James L. Turner, Paula C. Offenhauser, Asst. U.S. Attys., Stephen S. Morris, U.S. Atty., Houston, Tex., for plaintiff-appellee.
Appeal From the United States District Court for the Southern District of Texas.
Before GARWOOD, HIGGINBOTHAM, and BARKSDALE, Circuit Judges.
In 1984 and 1985, Arky and business partner Robert Baumstein attempted to take advantage of the depressed housing market in Houston. They purchased, at 70% of appraised value, 36 houses built by Gemcraft Homes. They arranged for straw buyers, who had good credit ratings, to apply for assumable Federal Housing Administration loans to purchase houses from Arky and Baumstein at full appraised value. A loan was for 95% of the purchase price when the straw buyer stated that he or she would occupy the house and 85% of the purchase price when the straw buyer stated that he or she would be a landlord. No straw buyer intended to occupy any of the houses. The straw buyers represented to HUD that they would pay all down payments and closing costs, knowing that Arky and Baumstein would provide such funds.
Immediately after taking title to a house, each straw buyer transferred the property back to Arky and Baumstein, who, in turn, sold it to the real buyer, who could not qualify for FHA financing but who assumed the FHA loan. The real buyer paid 100% of appraised value. Arky and Baumstein paid each straw buyer $2000 for using his or her good credit to obtain the loan. Arky and Baumstein took as profit the difference between the straw buyer's loan amount (85 or 95% of appraised value) and 70% of the appraised value, minus $2000 paid to the straw buyer and other expenses of closing.
Ultimately, HUD foreclosed on 29 of the properties and reported losses of $1 million.

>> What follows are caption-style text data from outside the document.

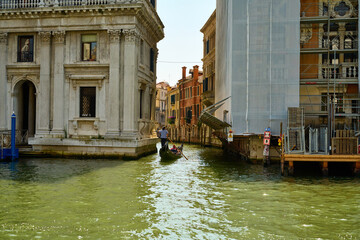 Venice and its buildings,canals,gondolas,and sculptures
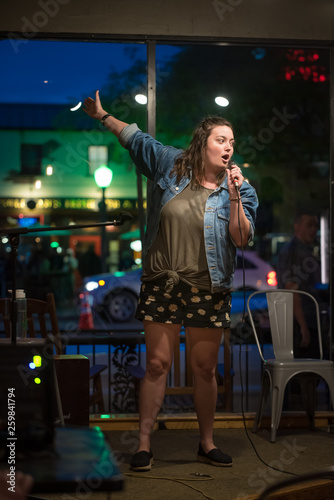 Talented female comedian performs her stand up at a local night spot open mic in Escondido, California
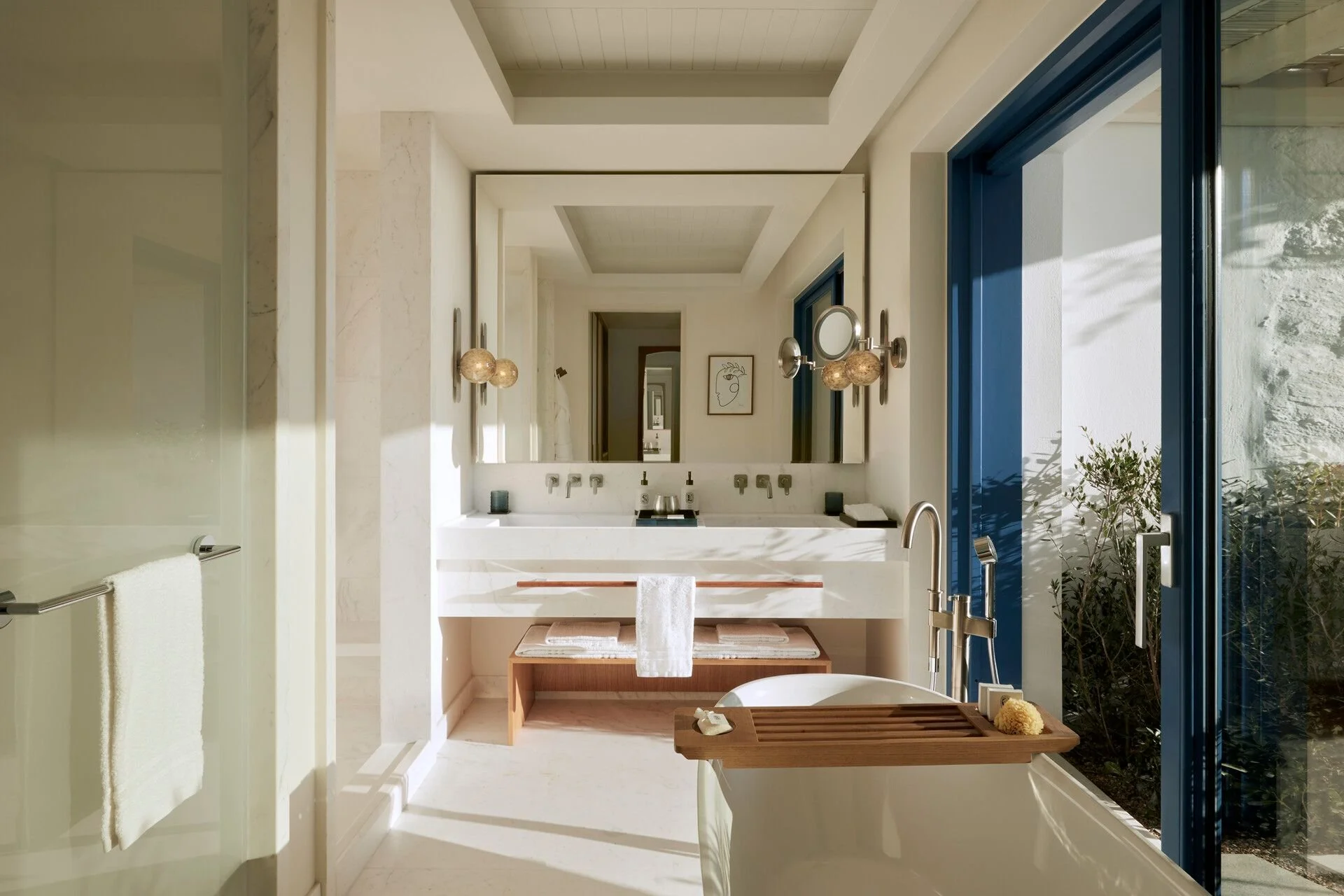 Modern bathroom with a large mirror above a white marble sink, decorative wall sconces, and blue-framed glass doors leading to an outdoor garden area.
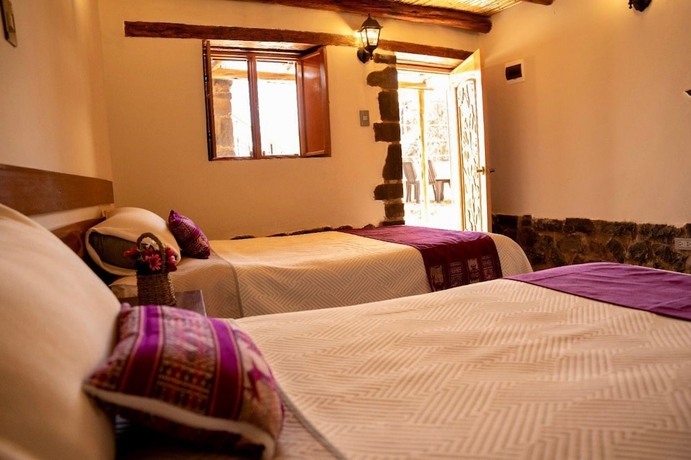 Imagen de la habitación del Hotel El Portal de Qopuy Lodge. Foto 9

Arky and Baumstein were indicted for conspiring to make false statements to HUD in violation of 18 U.S.C. § 1010, which is a violation of 18 U.S.C. § 371 (Count I) and for making such statements in violation of 18 U.S.C. § 1010 (Count II). Baumstein pleaded guilty to Count 2 and Count 1 was dismissed as to him. He testified for the government at Arky's trial and was sentenced to serve two years in prison, the first four months to be spent in a community treatment facility and the last 20 months to be suspended for five years probation. Several straw buyers were put on pre-trial diversion and also testified for the government at Arky's trial.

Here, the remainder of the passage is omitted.